• **Work required**:
Nothing but the lines below from the one containing "On the RT's" through the one containing "Want to look" should appear in the answer, exact and without pictures.

[Source data Boundary: Start]

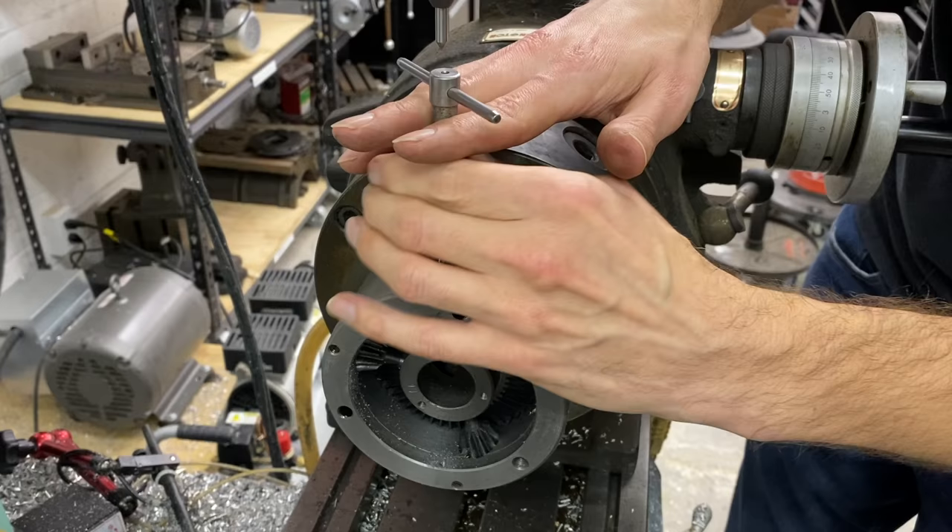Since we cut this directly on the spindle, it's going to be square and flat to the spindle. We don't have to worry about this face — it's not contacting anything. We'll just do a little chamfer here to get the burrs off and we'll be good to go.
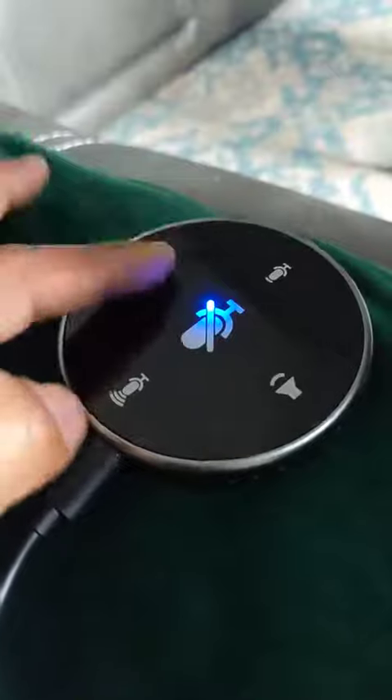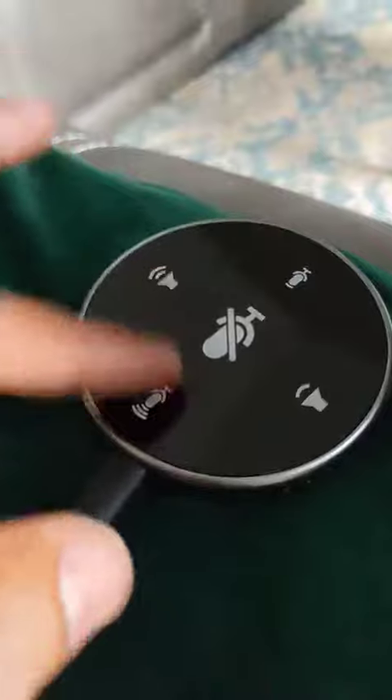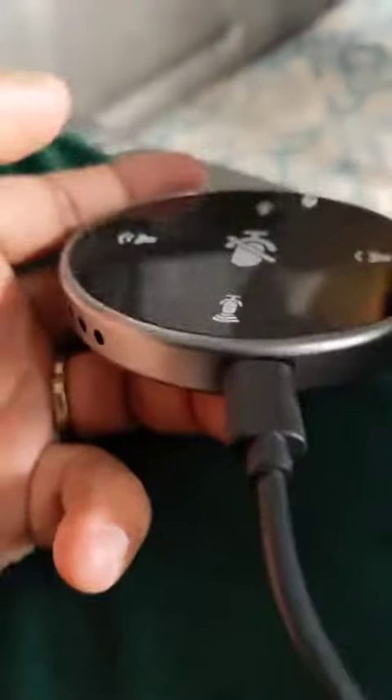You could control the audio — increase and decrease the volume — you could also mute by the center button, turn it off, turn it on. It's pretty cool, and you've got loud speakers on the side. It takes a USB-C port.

[Source data Boundary: End]
[Source data Boundary: Start]

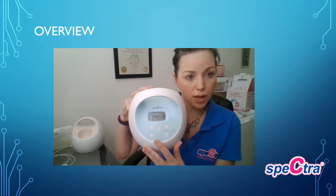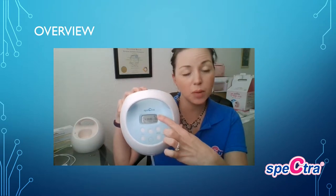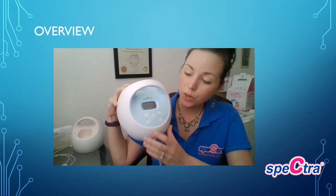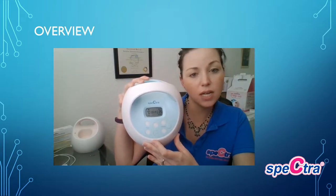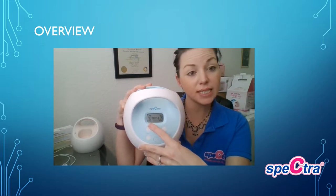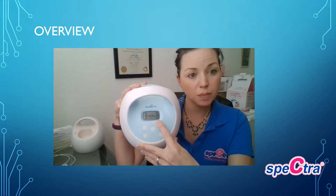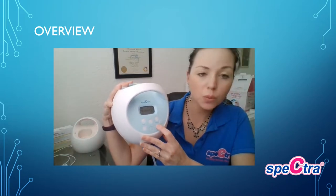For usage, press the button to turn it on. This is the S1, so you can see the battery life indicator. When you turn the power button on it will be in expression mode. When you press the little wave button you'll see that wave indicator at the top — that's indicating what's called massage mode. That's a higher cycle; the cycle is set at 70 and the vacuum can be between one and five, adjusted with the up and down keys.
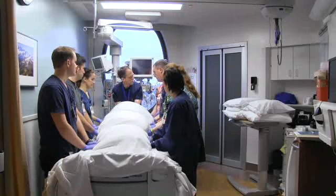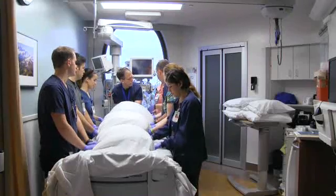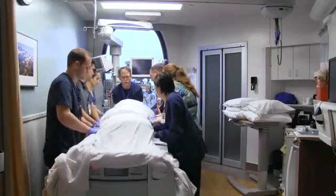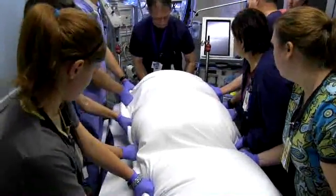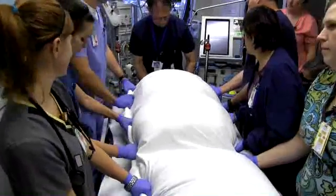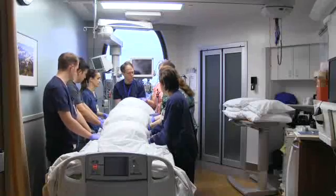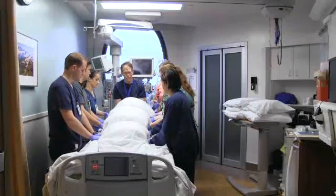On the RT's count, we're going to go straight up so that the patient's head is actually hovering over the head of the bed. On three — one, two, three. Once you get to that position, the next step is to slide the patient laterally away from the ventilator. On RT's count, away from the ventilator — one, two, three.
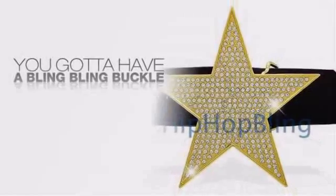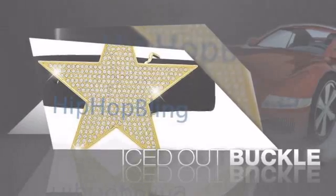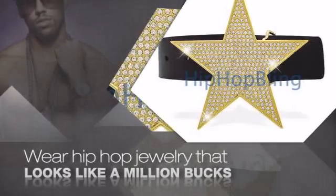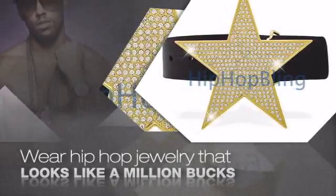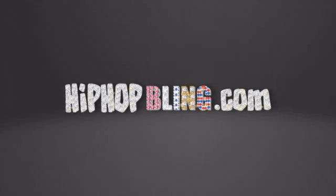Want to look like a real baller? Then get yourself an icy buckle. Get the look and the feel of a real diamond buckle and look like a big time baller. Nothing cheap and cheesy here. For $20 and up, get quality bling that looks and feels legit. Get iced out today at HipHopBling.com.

[Source data Boundary: End]

• **Worked solution**:
On the RT's count, we're going to go straight up so that the patient's head is actually hovering over the head of the bed. On three — one, two, three. Once you get to that position, the next step is to slide the patient laterally away from the ventilator. On RT's count, away from the ventilator — one, two, three.
Want to look like a real baller? Then get yourself an icy buckle. Get the look and the feel of a real diamond buckle and look like a big time baller. Nothing cheap and cheesy here. For $20 and up, get quality bling that looks and feels legit. Get iced out today at HipHopBling.com.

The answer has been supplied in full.